- Born: 19 May 1869
- Died: 29 May 1949 (aged 80)
- Education: Leipzig University
- Known for: Bucherer carbazole synthesis, Bucherer reaction, Bucherer–Bergs reaction
- Scientific career
- Workplaces: BASF, Technische Hochschule Dresden, Technische Hochschule Charlottenburg, Technische Hochschule München
- Doctoral advisor: Johannes Wislicenus

= Hans Theodor Bucherer =

German chemist (1869–1949)

 Hans Theodor Bucherer (19 May 1869 - 29 May 1949) was a German chemist and gave name to several chemical reactions, for example the Bucherer carbazole synthesis, the Bucherer reaction, and the Bucherer–Bergs reaction

==Life==
Bucherer started studying chemistry at the Ludwig-Maximilians-Universität München, the University of Karlsruhe (TH) and later with Johannes Wislicenus at Leipzig University.

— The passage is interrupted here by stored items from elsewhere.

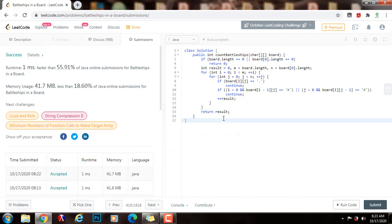The time complexity is O(M times N), where M is the number of rows and N is the number of columns. The space complexity is O(1).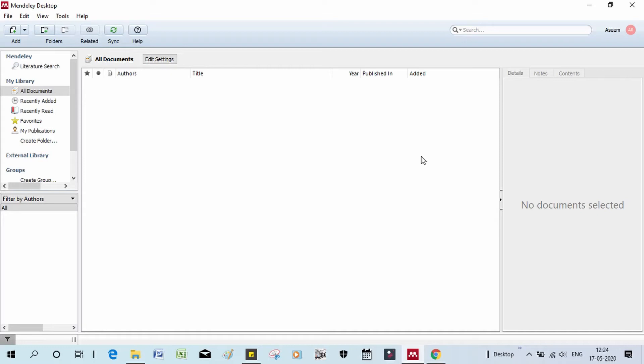This is a good video. In the first video, we created a Mendeley account and learned how to download the software. We are now covering this module.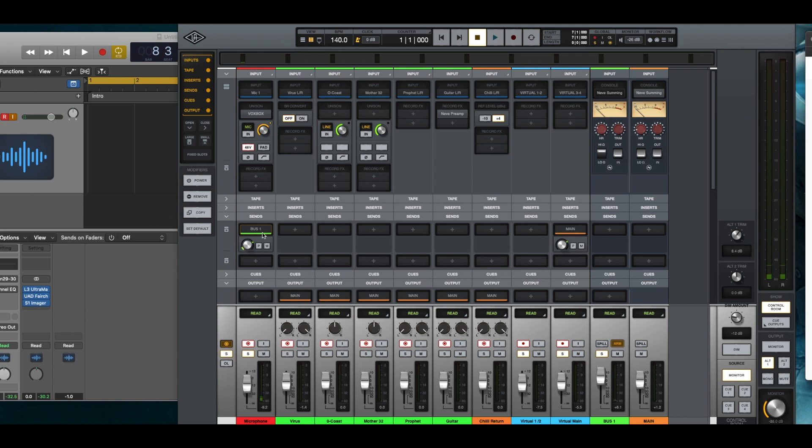But what I was able to do is I can bus it out. So, I created a send and I created a bus channel and my bus channel is bus one and here's the bus channel here.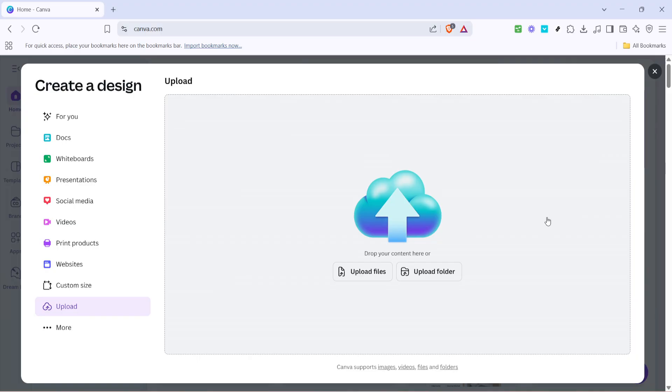Once you've clicked on upload, you'll see a drop-down menu or a prompt guiding you to upload files. This is where you will initiate the process of bringing your SVG file from your computer into Canva.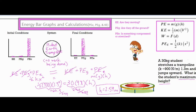I went ahead and plugged in all the variables. The formula for elastic potential energy is one-half k x squared — we have our k value from the problem and our stretch x. On the right side we have mass of 30 kilograms, g of 9.8, and height as the unknown. The product on the elastic side is 760.5, and 30 times 9.8 is 294. Dividing both sides by 294 gives a final answer of 2.59 meters.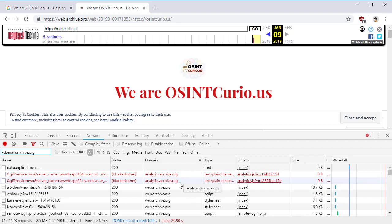The reason why this could be bad is let's say that you're researching a sensitive group or you're researching a hate group or organized crime or maybe you're just researching somebody you don't want them to know you're researching. You pull up the Google cache copy of their page. It actually pulls images and other things from their website instead of from Google.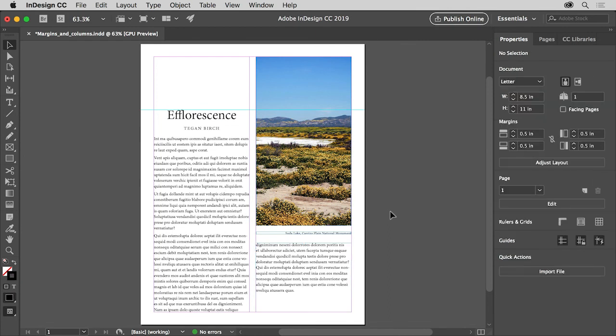Now that you know how to set up margins and columns for your InDesign projects, it will be easier to create columns of content and also to frame your content. Try experimenting on your own with different content by creating multiple column brochures, flyers, magazine layouts, and more.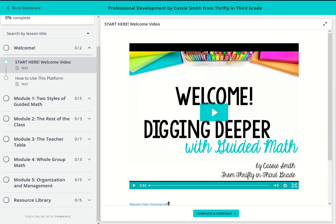So here's a sneak peek inside the course. Once you sign in, you'll be directed to the first module, the welcome module. In each module, you'll have videos to watch.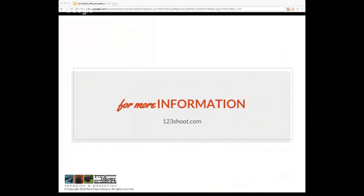If you guys have any more questions, feel free to post them. There's also more content on our website at 123shoot.com. Feel free to reach out to us. We'll be launching a couple more webinars for the rest of the year, but look forward to what we have lined up for 2017. Thanks guys!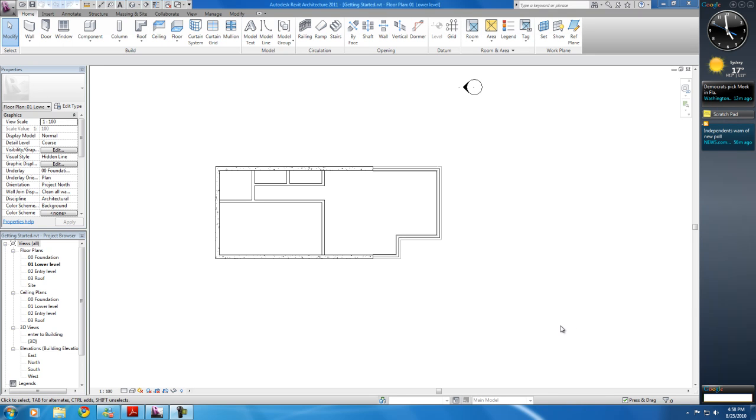Hi it's me again, back with more tutorials. In this tutorial I'm going to be adding doors to my house, interior and exterior, so let's get started.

After he received his Ph.D. in 1893, he worked at BASF. He became professor at the Technische Hochschule Dresden (now TU Dresden) in 1901, changed to the Technische Hochschule Charlottenburg (now Technische Universität Berlin) in 1913 and became professor at the Technische Hochschule München (now Technical University of Munich) in 1926.